Само собою разумеется, что университет всех принимает радушно, и за то молодые люди платят ему самой пылкой приверженностью к нему и к науке.
Были случаи, – рассказывает г. Милюков, – что иной приходил в город с несколькими драхмами в кармане и определялся слугою или мальчиком в какой-нибудь магазин, требуя за свои труды только кусок хлеба да три часа в день для посещения лекций.
То же самое, что университет для молодежи, составляет институт, Арсакеон, – для девочек. В нем есть и казенные воспитанницы и приходящие; большая часть приходящих принадлежит к беднейшему классу городских жителей. Почти все по окончании курса расходятся на места гувернанток или учительниц в провинциальные школы.
«А если не найдется места?» – спросил наш путешественник свою прачку, у которой дочь тоже ходила в Арсакеон. «Так что же, – отвечала гречанка, – разве образование помешает ей стирать белье? Она и теперь иногда помогает мне» (стр. 77).
Любовь к образованию простирается до того, что, не довольствуясь школами, существующими в Афинах и других городах, жители деревушек сами часто отыскивают и нанимают какого-нибудь бедного учителя и поочередно дают ему постель и обед.
И все-таки этот народ не имеет никакого значения, все-таки не добился внутреннего устройства, которым бы мог быть доволен!.. И только волнуются понапрасну горячие люди, подобные студенту, декламировавшему пред г. Милюковым…
Турки – те уже, кажется, благоразумнее: их ничто не тревожит, ничто не занимает… Нас недавно упрекали, на французском диалекте, за то, что мы очень апатичны и мало интересуемся общественными делами.[3] Но нас еще что же упрекать?
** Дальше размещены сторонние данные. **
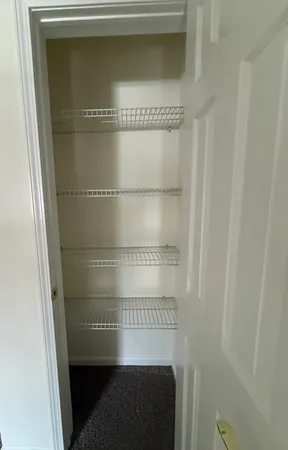 $180,000 | 511 Glendale Drive, Endicott, NY 13760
Посмотрите-ка, что в Турции делается: то ли еще увидите!.. Во время житья г. Милюкова в Константинополе разыгрывалась, например, история с дунайскими княжествами. Слухи носились изумительные, французский посланник торжественно снимал свой флаг, готова была, по-видимому, разразиться новая война; европейское население города бегало, хлопотало, догадывалось, кричало и беспокоилось ужасно. А турки сидели себе преспокойно в кофейных; никто и не спросил о том, чего хочет англичанин и о чем хлопочет француз. Ни один турок не полюбопытствовал даже взглянуть на торжественнейшую церемонию с пушечной пальбой, сопровождавшую снятие французского флага. Франки же сами и бегали смотреть на эту торжественную сцену!.. Наконец в Константинополе разнеслись слухи, что русская армия вступила уже в Валахию: [4] и тут ни один турок рта не раскрыл, пальцем не пошевелил… Как сидел, курил себе в кофейной, так и остался в своем невозмутимом кейфе…
2
3
Очевидно, имеется в виду автор «Опыта истории цивилизации в России» (1858) славянофил Н. А. Жеребцов (см. статью Добролюбова «Русская цивилизация, сочиненная г. Жеребцовым» – т. 3 наст. изд.).
4
Имеется в виду конфликт 1857 года, создавшийся в итоге противодействия Турции, Англии и Австрии политическому объединению Молдавии и Валахии.